Tag Archives: Reporting tips

Marketplace explains in a way that people can understand


Lucas Shaw of The Wrap interviewed Deborah Clark, the new executive producer of “Marketplace,” the business show on public radio.

Here is an excerpt:

What is the first order of business as the new head of editorial?
We have a great opportunity right now. What’s been happening in recent weeks in particular with lots of market turmoil is it means people are focused again on the economy and the direction this country is headed in terms of its growth, economic health and its place in the world. Our job is to take that and go with it.

What “Marketplace” has always been good at is explaining it all in a way that people who aren’t business types can understand.

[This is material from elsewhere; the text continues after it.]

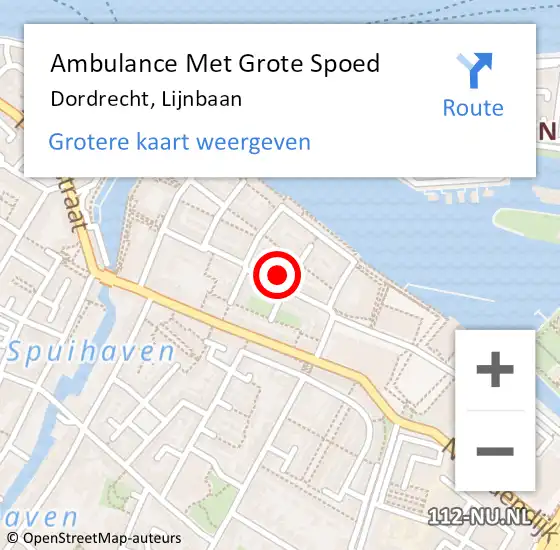 Locatie op kaart van de 112 melding: Ambulance Met Grote Spoed Naar Dordrecht, Lijnbaan op 12 augustus 2022 15:18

That doesn’t mean dumbing it down but taking complicated issues and making them understandable.

Has anything surprised you in the media’s coverage of all this economic turmoil?
I was at a dinner party on the day the debt ceiling deal finally happened, and it’s so interesting because it was just a group of regular people — we all have kids the same age and we were swimming, hanging out on a nice L.A. afternoon — and they wanted to know from me what was happening with the debt. Talking it through, I was surprised at their level of knowledge.

Read more here.

Writing about Wall Street, the person


Tom Reilly, the editor of the Attleboro Sun-Chronicle in Massachusetts, writes about how business journalists often personify what’s going on in the stock market.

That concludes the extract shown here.